Just picking them up is entertaining, but like just about every action in the game, the more you do it, the more fun everything becomes. Crackdown 3 is a game about excess, and once you get your levels up towards 4 and 5, that excess begins to show, and with it, a totally different side to the game begins to appear. All of a sudden, those design choices that didn’t make sense, they suddenly work. Yes, the game still feels old fashioned, but it no longer feels like a problem – instead, it all feels, well, right. The lock-on system, initially so basic, suddenly makes sense, the world, previously so boring, soon becomes a neon-infused playground that you race through with nary a second thought for the level of detail on display. The game, despite its old fashion design, basic mechanics and repetitive mission structure, abruptly opens up into a perfectly crafted playground of pure destruction, one in which every piece of its design seems to fall beautifully in to place. Those early moments of clumsily climbing around dingy looking locations are replaced by your agent essentially flying from one skyscraper to another as you almost mindlessly take out whole armies of enemies with lazily aimed grenades, rockets and, rather brilliantly, black holes. Again, this kind of simple, pure fun won’t be for everyone, but the more I played Crackdown 3, the more I began to love it.
Even its repetitive design suits the game – in the same way that I loved the original Assassin’s Creed, Crackdown 3 presents a very repetitive but wholly addictive set of objectives. It’s hard to define exactly why this kind of approach works in some games and not others, but Crackdown managed to nail that loop of completing objectives and upgrading your character like few games out there. Sure, Crackdown 3 doesn’t do anything particularly new in that regard, but it says something about the original’s design that so few games in the years since its release have manged to better (or even match) it.
Crackdown 3 isn’t a great game, and a lot of people are going to be very disappointed by the campaign’s lack of ambition (all the tech appears to have gone in to the rather mediocre multiplayer mode), but if you can see past the lack of innovation, you might well be treated to a game that gets better and better the more you play it.
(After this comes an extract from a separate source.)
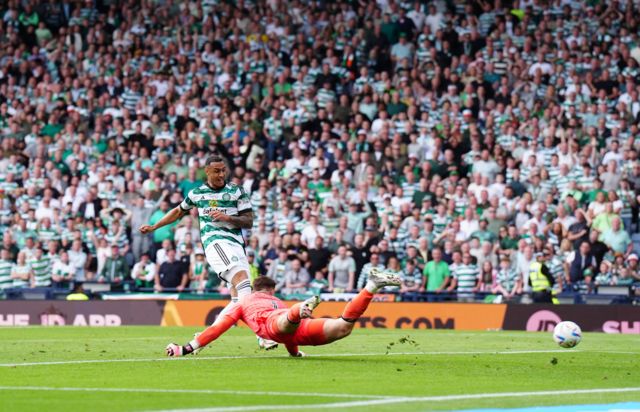 Celtic’s Adam Idah finds the net late on in the Scottish Cup final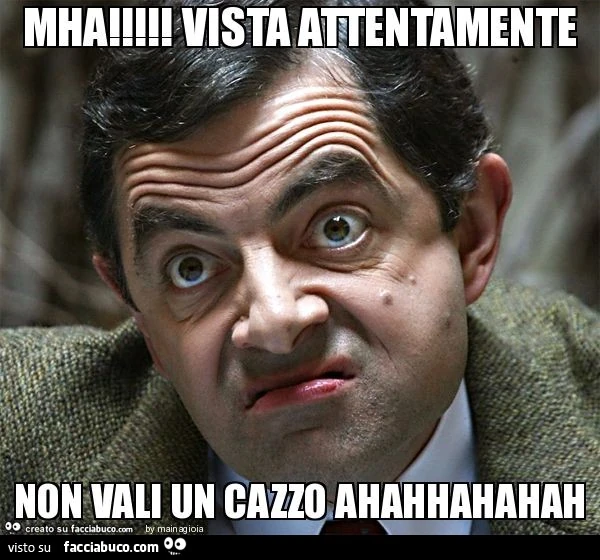 Mha! Vista attentamente non vali un cazzo ahahhahahah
As great as Spider-Man was on PS4 (and let’s be clear, that’s a far better game than Crackdown 3), I think I’ve probably had more fun with Crackdown 3. That will invariably sound ludicrous to some, and I’ll happily admit that nothing in Crackdown 3 comes close to matching the high points of Spider-Man, but equally, I actually got rather bored with Spider-Man towards the end of the game, but with Crackdown 3, I can’t seem to get enough. I’ve already cleared every mission on the map and rinsed most of the collectables (I’ll get all of the those bloody orbs one day), but now, I’ve found myself addicted to rooftop races. I’m going to run out of actual content soon enough, but one thing is for sure – I’m not running out of enthusiasm for a game that I had all but given up on years ago.